I'd be very disappointed if I paid money for these. Even if it was the R100 for 30ml they suggest as an RSP. It almost came accross as a DIY juice.
Would I purchase this juice again. Oh hell no.
Would I suggest these to a friend? Oh HELL no.

I did some background reading, and the guys behind TB seem like a very intelligent bunch of students... Hopefully the taste profile improves over time.


----------



## Rob Fisher (12/12/16)

@Ian_F did you try thier menthol juice? I found it really nice and smooth... and I have tasted a few menthol juices in my time.


----------



## Ian_F (12/12/16)

Rob Fisher said:


> @Ian_F did you try thier menthol juice? I found it really nice and smooth... and I have tasted a few menthol juices in my time.

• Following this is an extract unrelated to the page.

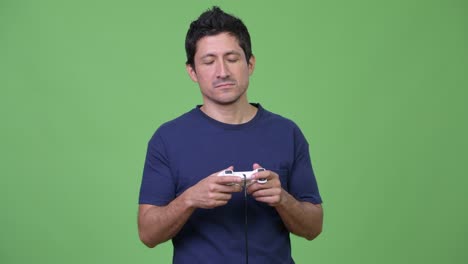 hispanic man playing games and falling asleep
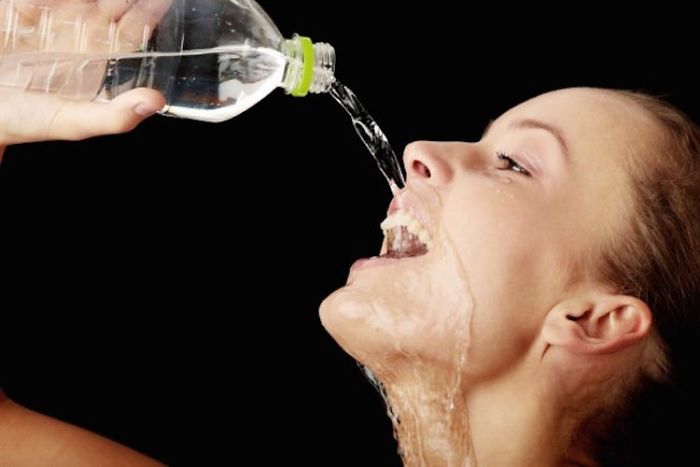 Women-Dont-Know-How-To-Drink-Water-Stock-Photos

Hey Rob. I did. Even put it up against a few others that were on the table that evening

No comparison. But, I don't like menthol so the reviews are from my partners 


Sent from my iPhone using Tapatalk

Reactions: Like 1


----------



## Lord Vetinari (12/12/16)

Ian_F said:


> Next up on the taste test were the flavours from the Troll Brothers sample pack.
> 
> Unfortunately, as the bottles weren't named according their flavour profiles, we had to read up on the different bottles before tasting
> 
> ...


Whole new meaning to getting trolled then hey lol


----------



## Strontium (12/12/16)

Ian_F said:


> hello all
> 
> I was lucky enough to win a phenomenal prize at the ECIGSSA meet. A huge thanks to all the vendors who contributed to the hamper.
> 
> ...




Have you sold that Cerabis?


----------



## Ian_F (12/12/16)

@Strontium

Yes, torkit is getting a delivery this week 




Sent from my iPhone using Tapatalk


----------



## Strontium (12/12/16)

Dammit


Tell him you lost it

Reactions: Funny 1


----------



## Ian_F (12/12/16)

Strontium said:


> Dammit
> 
> 
> Tell him you lost it




Lol. I'm not that guy! 




Sent from my iPhone using Tapatalk


----------



## SuicideZA (12/12/16)

Hey @Ian_F We greatly appreciate your review on the Troll Brothers range. I would love to get more feedback from you regarding the flavours, were there any you preferred? I don't want to take up too much of your time but if you could PM me or post here a very brief review for each flavor you tried that would be fantastic


----------



## Ian_F (12/12/16)

SuicideZA said:


> Hey @Ian_F We greatly appreciate your review on the Troll Brothers range. I would love to get more feedback from you regarding the flavours, were there any you preferred? I don't want to take up too much of your time but if you could PM me or post here a very brief review for each flavor you tried that would be fantastic



Happy to do so...

Let me type some stuff up. I'll post it up during the next few days ...

Also, just to clarify, it's not an attack. Just my own personal opinion

Reactions: Like 2


----------